Modern fantasy still centers characters who reshape their world. They still rise, still matter, still carry disproportionate weight. But they are rarely marked from the beginning. There is less prophecy, less inevitability, less sense that their role was predetermined.
Instead, significance is constructed over time. Characters become central through accumulation rather than revelation. Their importance emerges from what they do, not from what they are.
This shift aligns with a broader movement in the genre. Stories become less about fulfilling a role and more about navigating systems. Power is less often tied to destiny and more often to position, knowledge, or adaptation. Even when echoes of the chosen one remain, they are frequently reframed as misunderstanding, manipulation, or coincidence.
The structure is still there. The framing is not.
Why the Underdog Replaced the Chosen One
As the chosen one receded, another figure moved into focus: the underdog.
The difference is subtle but significant. A chosen one is recognized. An underdog becomes. One is defined by selection, the other by transformation. The narrative satisfaction shifts accordingly. Instead of watching someone fulfill a role, we watch them grow into one.
This fits more comfortably with a worldview that resists inevitability. It places weight on effort, resilience, and contingency. It allows failure to matter in a way that prophecy rarely permits.
It also changes how we read success. When a chosen one triumphs, it confirms what was already implied. When an underdog succeeds, it feels like something has been created rather than revealed.
What Changed—and What Didn’t
It would be easy to treat this as a clean evolution from simplicity to complexity, from myth to realism. But that framing misses something.
The chosen one did not just provide structure. It provided scale. It allowed stories to resonate beyond their immediate events. When Aragorn becomes king, or when Harry confronts Voldemort, it feels like something larger than the individual is being resolved. The story carries weight because it connects to something beyond itself.
Modern fantasy, in moving away from that framework, gains flexibility but sometimes loses that resonance. It becomes more grounded, more ambiguous, more resistant to certainty. But it can also become more fragmented, less willing to assert what ultimately matters.
And yet, the underlying appeal has not disappeared.

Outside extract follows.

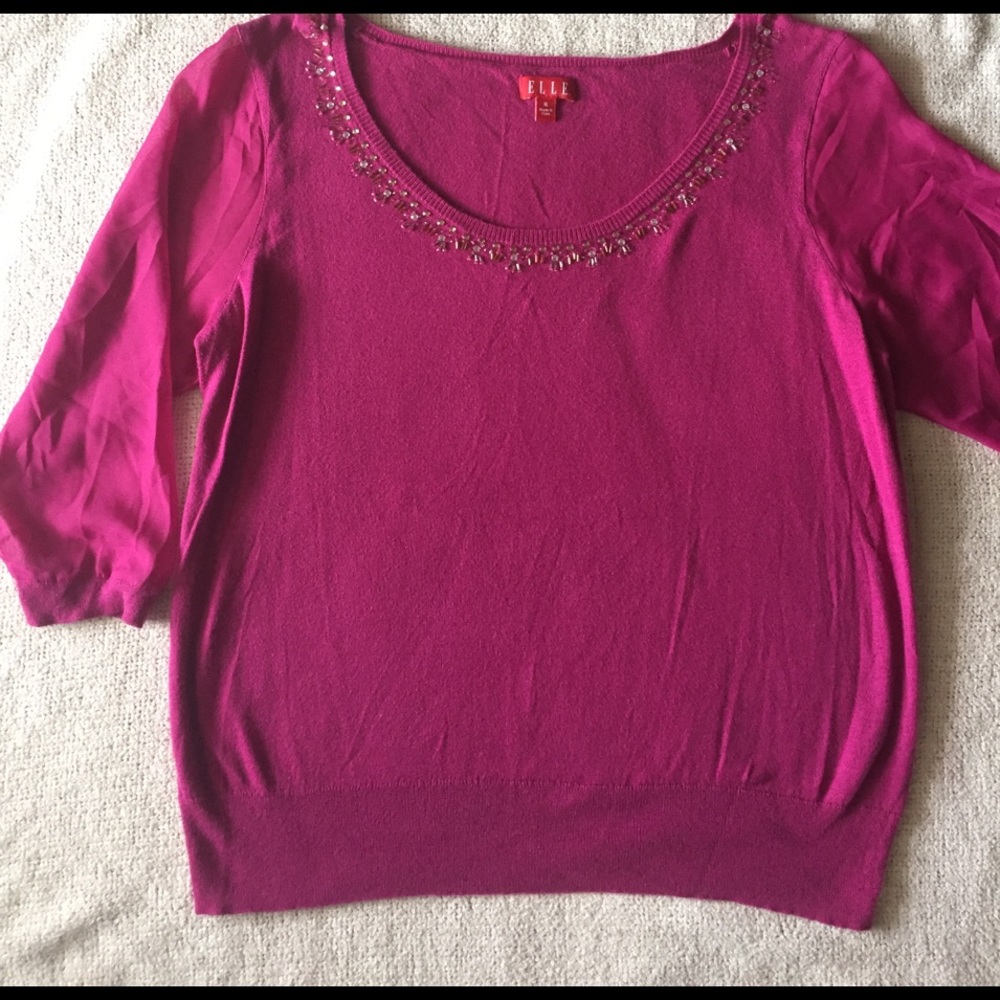 Elle Plum Beaded Sweater with sheer sleeves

We still gravitate toward characters who shape events in disproportionate ways. We still look for figures who stand at the center of things. What has changed is not the desire for significance, but the terms under which we accept it.
We no longer trust that someone is important because the world says so in advance.
We want to see it happen.
Returning to the Archetype
Looking back now, the chosen one feels both familiar and distant.
Familiar because its structure still underlies so many stories. Distant because we no longer accept its premises without question. We reinterpret it, complicate it, or disguise it as something else. Destiny becomes consequence. Prophecy becomes belief. Selection becomes construction.
But the core idea remains difficult to abandon.
We still want stories where someone matters more than they should. Where individual actions reshape the larger world. Where meaning emerges from the intersection of person and circumstance.
We just no longer believe that the world will tell us who that person is in advance.